I think you may have to bump the default
tls { timeout = X }
andauthorization { timeout = X }
for your deployment, have you tried tuning those?
@wallyqs where can I bump this in the https://github.com/nats-io/k8s/blob/main/helm/charts/nats/values.yaml helm chart.

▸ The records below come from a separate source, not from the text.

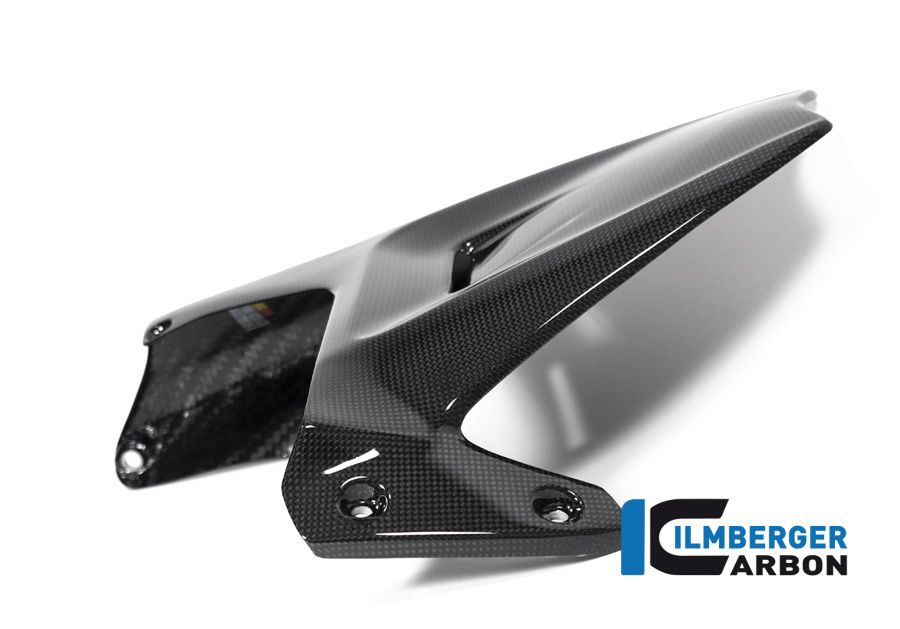 
                  
                    Rear Hugger gloss Ducati Diavel 1260 Carbon (2011-2018)
                  
                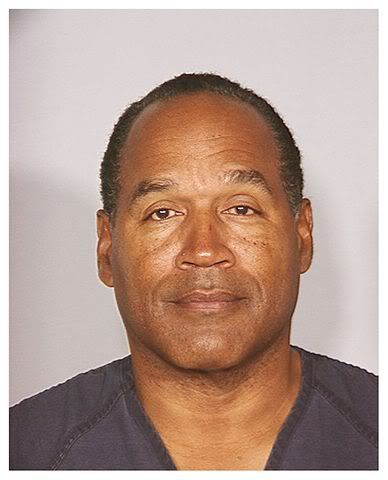 O J Simpson Pictures, Images and Photos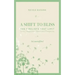 A Shift to Bliss: The Seven Beliefs That Limit Love, Happiness, Peace and Prosperity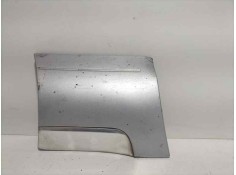 Recambio de moldura para volkswagen touareg (7la) tdi v10 referencia OEM IAM 7L6854959A 81261 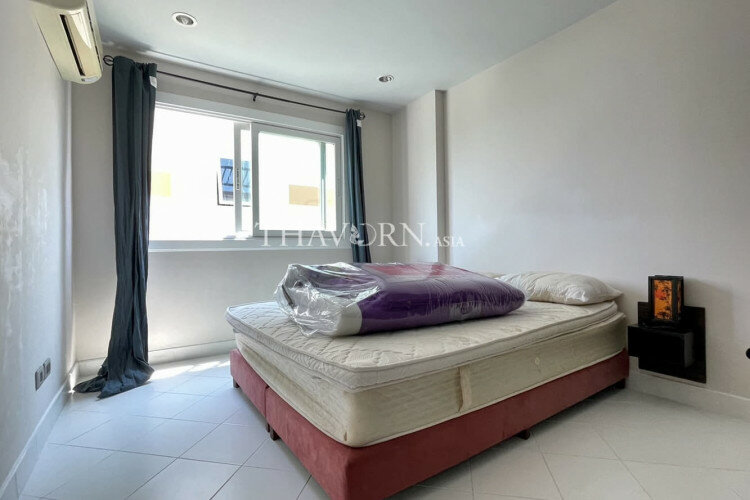 Кондоминиум в Паттайе, Таиланд | THE458402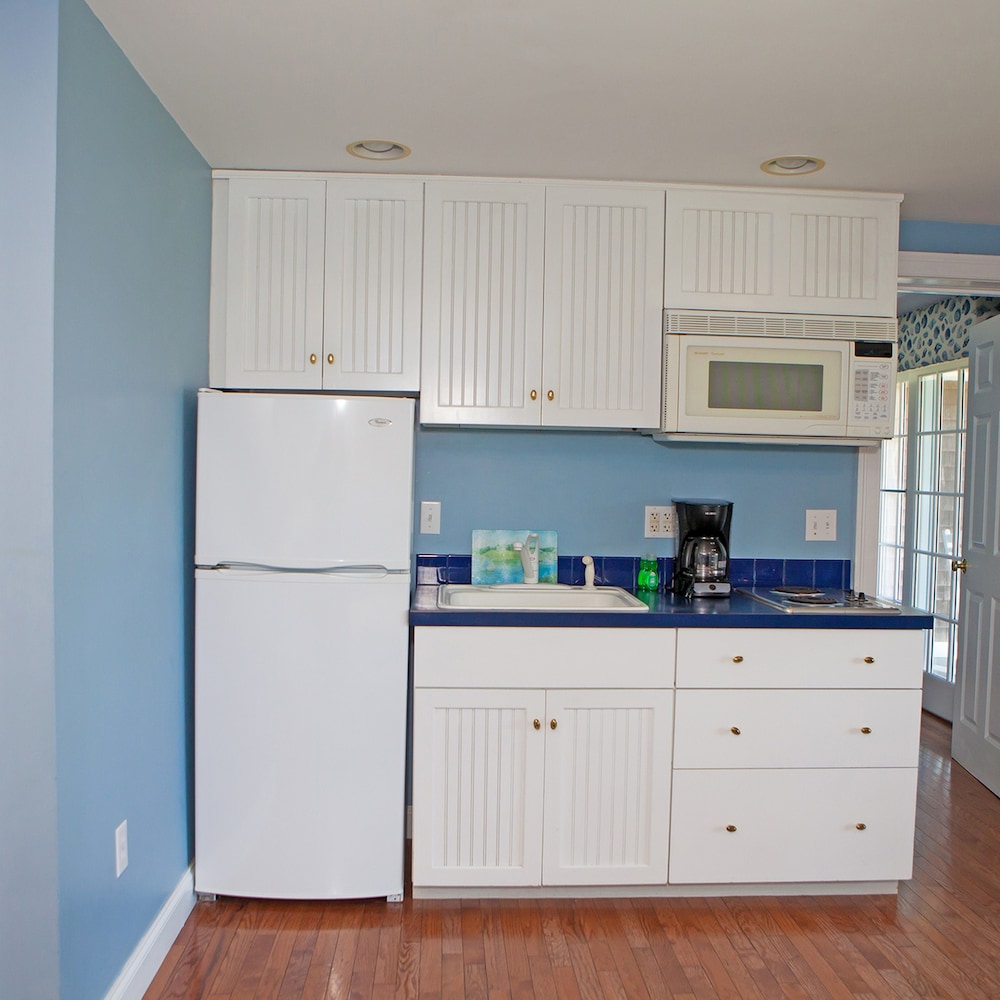 Condo, 1 Bedroom photo 3
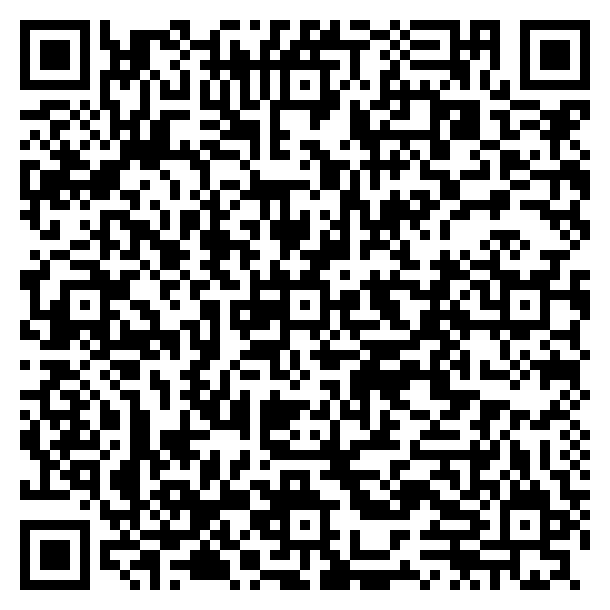 2023年全國國小、國中、高中職顧牙四格漫畫比賽-頁面QRcode 2023年全國國小、國中、高中職顧牙四格漫畫比賽-頁面QRcode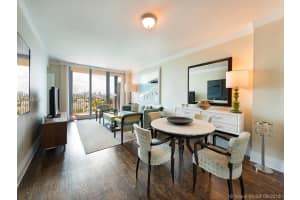 1500 Ocean Dr #100, Miami Beach, FL 33139, Sold 11/15/16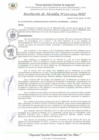 Vista preliminar de documento RA_225_2024_MDI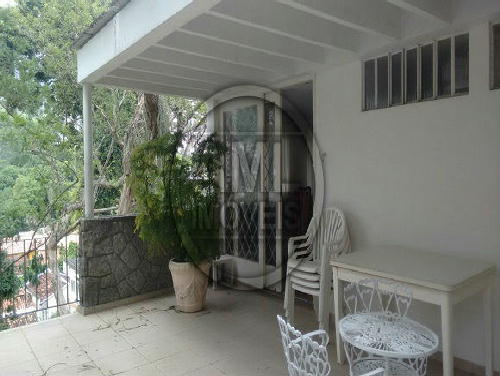 FOTO18 - Casa 4 quartos à venda Tijuca, Rio de Janeiro - R$ 1.700.000 - TK44132 - 14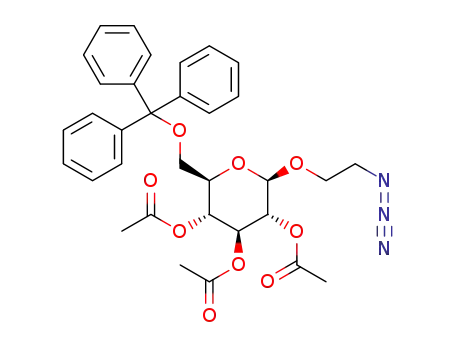 1335002-97-5 Structure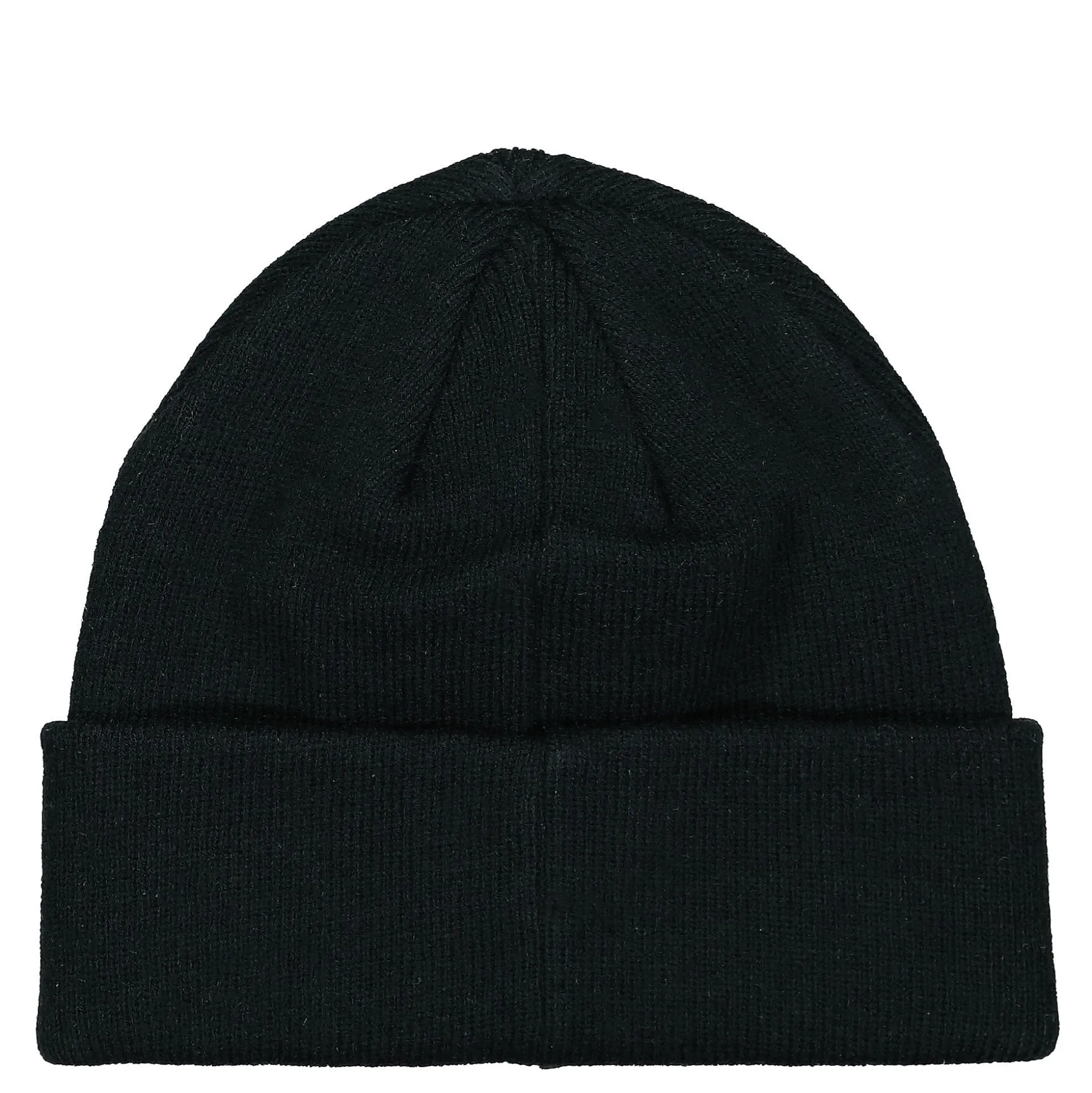 Hot Plastic Beanie Women Caps, Hats & Beanies|Caps, Hats & Beanies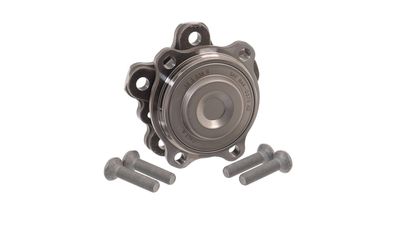 SET RULMENT ROATA SKF VKBA7128 39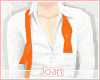 |J| Gangnam | Top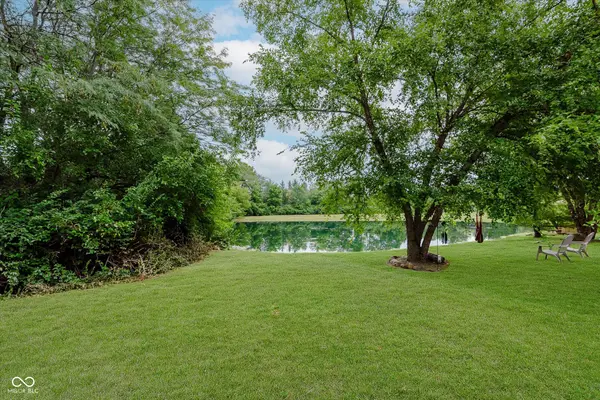 12082 Aldenham BLVD, Fishers, IN 46037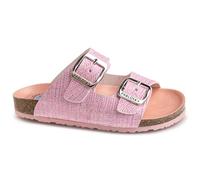 Pablosky Fille Bio 440573 Sandale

Also I didn't find a timeout option here https://docs.nats.io/running-a-nats-service/configuration/securing_nats/authorization
@wallyqs with timeout = 50 in tls
the timeout error was removed. But I see tls handhsake errors like below
[7] 2024/03/13 19:50:46.143685 [ERR] Error trying to connect to route (attempt 1): lookup for host "nats-1.nats-headless": lookup nats-1.nats-headless on 10.0.0.10:53: no such host
[7] 2024/03/13 19:50:46.143905 [ERR] Error trying to connect to route (attempt 1): lookup for host "nats-0.nats-headless": lookup nats-0.nats-headless on 10.0.0.10:53: no such host
[7] 2024/03/13 19:50:46.172442 [ERR] Error trying to connect to route (attempt 1): lookup for host "nats-0.nats-headless": lookup nats-0.nats-headless on 10.0.0.10:53: no such host
[7] 2024/03/13 19:50:46.173120 [ERR] Error trying to connect to route (attempt 1): lookup for host "nats-1.nats-headless": lookup nats-1.nats-headless on 10.0.0.10:53: no such host
[7] 2024/03/12 18:49:37.957961 [ERR] Error trying to connect to route (attempt 1): lookup for host "nats-0.nats-headless": lookup nats-0.nats-headless on 10.0.0.10:53: no such host
[7] 2024/03/12 17:40:23.567594 [ERR] 10.240.0.4:59217 - cid:44 - TLS handshake error: read tcp 10.244.2.14:4222->10.240.0.4:59217: read: connection reset by peer
Points to note:-
- 10.0.0.10:53 is the DNS address and when I run the command
kubectl exec -it nats-0 -- nslookup nats-1.nats-headless.nats-playground-3.svc.cluster.local
it gives output
Server: 10.0.0.10
Address: 10.0.0.10:53
Name: nats-1.nats-headless.nats-playground-3.svc.cluster.local
Address: 10.244.3.198
So above is resolved to the address 10.244.3.198
from outside pod but not inside from pod.
- I have no client connected to the nats server i.e. any of the nats POD in k8
-
10.244.2.14:4222
I know this is my nats pod server ip. But I don't know whose Ip is this0.240.0.4:59217
. any idea, with whom the tcp connection is being made from bats server?
I have below nats.conf
{
"cluster": {
"name": "nats",
"no_advertise": true,
"port": 6222,
"routes": [
"nats://nats-0.nats-headless:6222",
"nats://nats-1.nats-headless:6222",
"nats://nats-2.nats-headless:6222"
]
},
"http_port": 8222,
"jetstream": {
"max_file_store": 10Gi,
"max_memory_store": 0,
"store_dir": "/data"
},
"lame_duck_duration": "30s",
"lame_duck_grace_period": "10s",
"pid_file": "/var/run/nats/nats.pid",
"port": 4222,
"server_name": $SERVER_NAME,
"tls": {
"ca_file": "/mnt/nats-certificate/rootCA-playground.crt",
"cert_file": "/mnt/nats-certificate/nats-playground-server.crt",
"key_file": "/mnt/nats-certificate/nats-playground-server.key",
"timeout": 50,
"verify": true
}
}
Here is my helm chart
config:
cluster:
enabled: true
replicas: 3
port: 6222
jetstream:
enabled: true
fileStore:
pvc:
size: 10Gi
nats:
tls:
enabled: true
merge: {
verify: true,
cert_file: '/mnt/nats-certificate/nats-playground-server.crt',
key_file: '/mnt/nats-certificate/nats-playground-server.key',
ca_file: '/mnt/nats-certificate/rootCA-playground.crt',
timeout: 50
}
podTemplate:
topologySpreadConstraints:
kubernetes.io/hostname:
maxSkew: 1
whenUnsatisfiable: DoNotSchedule
patch:
- op: add
path: /spec/volumes/-
value:
name: nats-certificate-volume
csi:
driver: secrets-store.csi.k8s.io
readOnly: true
volumeAttributes:
secretProviderClass: 'nats-certificate'
service:
merge:
spec:
type: LoadBalancer
promExporter:
enabled: true
podMonitor:
enabled: true
container:
image:
repository: nats
image: 2.10.11-alpine
patch:
- op: add
path: /volumeMounts/-
value:
name: nats-certificate-volume
mountPath: /mnt/nats-certificate
reloader:
patch:
- op: add
path: /volumeMounts/-
value:
name: nats-certificate-volume
mountPath: /mnt/nats-certificate
@neilalexander @wallyqs please check above. This is critical for me.